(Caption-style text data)
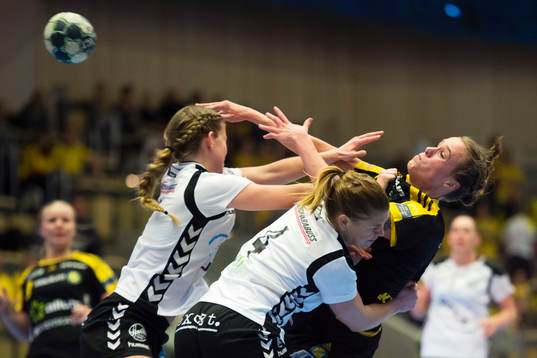 Sävehofs Thess Krönell stoppas av Heids Sofi Larsson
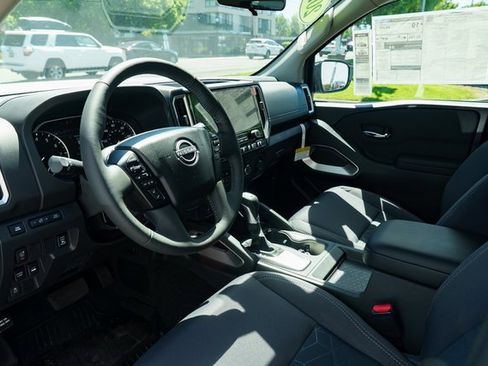 New 2025 Nissan Frontier SV w/ SV Convenience Package image 25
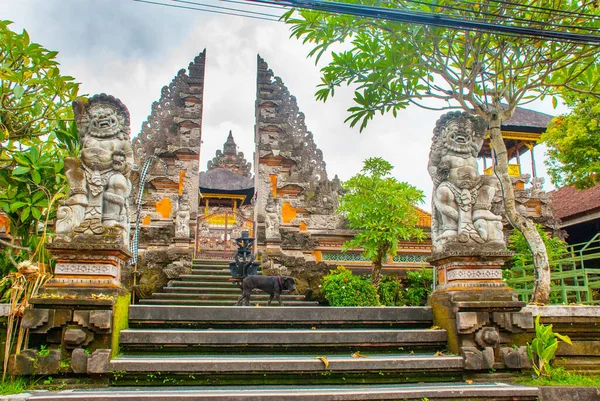 Ubud Bali Indonesia April 2017 Beautiful Balinese Entrance Gate Temple — 图库照片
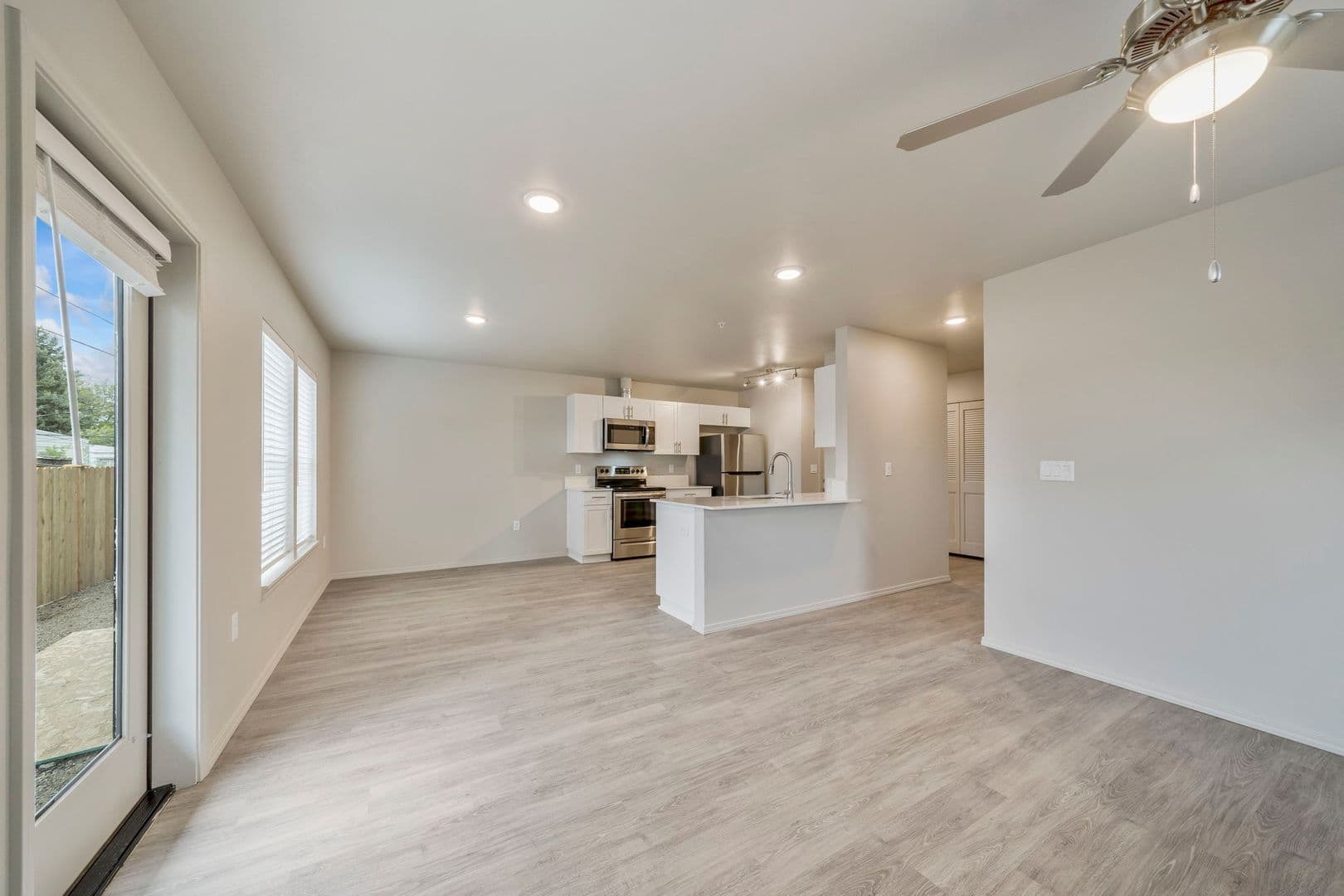 Redmond Apartment: 1848 SW 15th Street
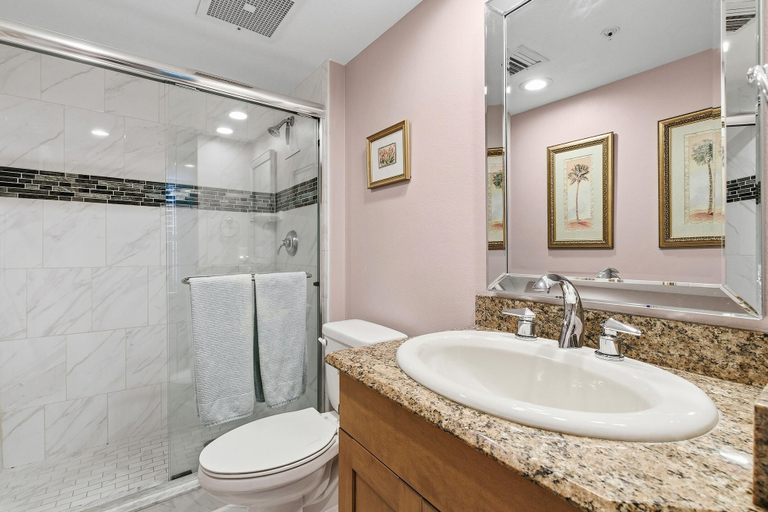 Bathroom 4, Ebb Tide 403, Volusia
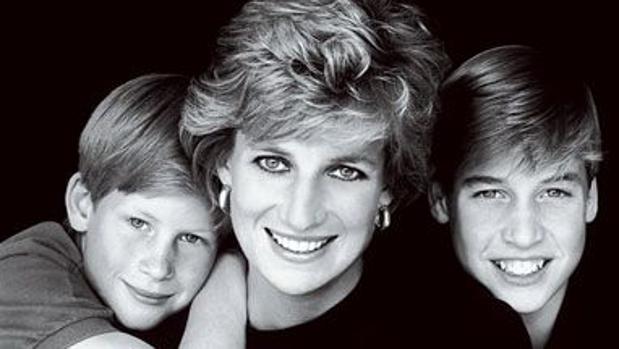 Guillermo y Enrique de Inglaterra junto a su madre, Diana de Gales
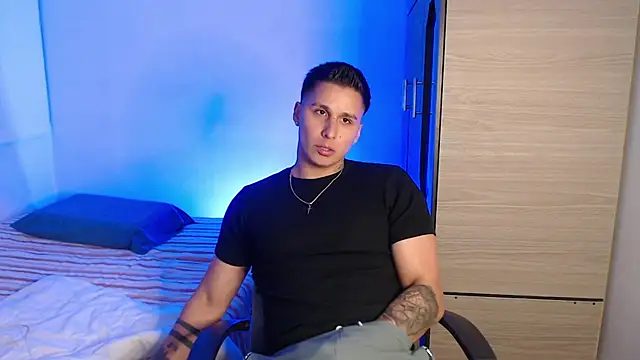 valentinosex1 online show from February 24, 11:25 pm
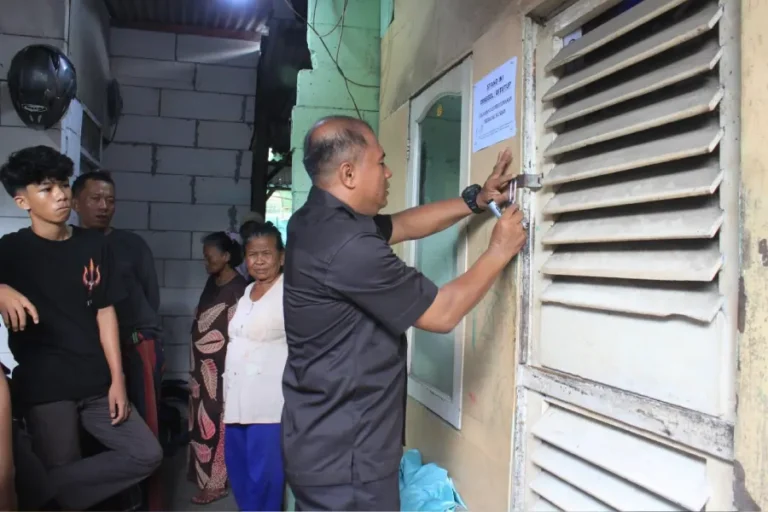 PD Pasar Surya Segel 53 Stan yang Beralih Fungsi Jadi Hunian di Pasar Bendul Merisi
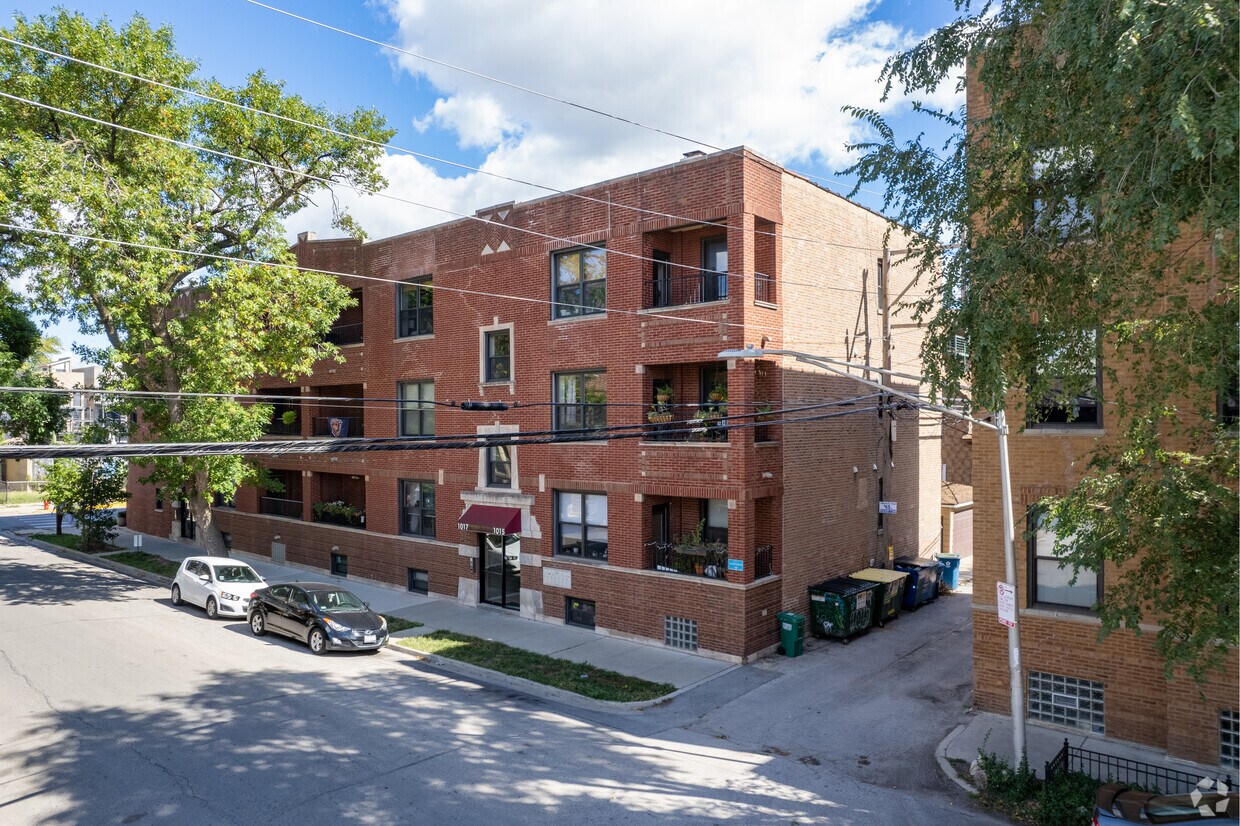 Foto principal - 1015 N Campbell Ave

■ INSTRUCTIONS TO FOLLOW ■
Retype each line above exactly. Leave the images out.

■ REPLY ■
 Sävehofs Thess Krönell stoppas av Heids Sofi Larsson
 New 2025 Nissan Frontier SV w/ SV Convenience Package image 25
 Ubud Bali Indonesia April 2017 Beautiful Balinese Entrance Gate Temple — 图库照片
 Redmond Apartment: 1848 SW 15th Street
 Bathroom 4, Ebb Tide 403, Volusia
 Guillermo y Enrique de Inglaterra junto a su madre, Diana de Gales
 valentinosex1 online show from February 24, 11:25 pm
 PD Pasar Surya Segel 53 Stan yang Beralih Fungsi Jadi Hunian di Pasar Bendul Merisi
 Foto principal - 1015 N Campbell Ave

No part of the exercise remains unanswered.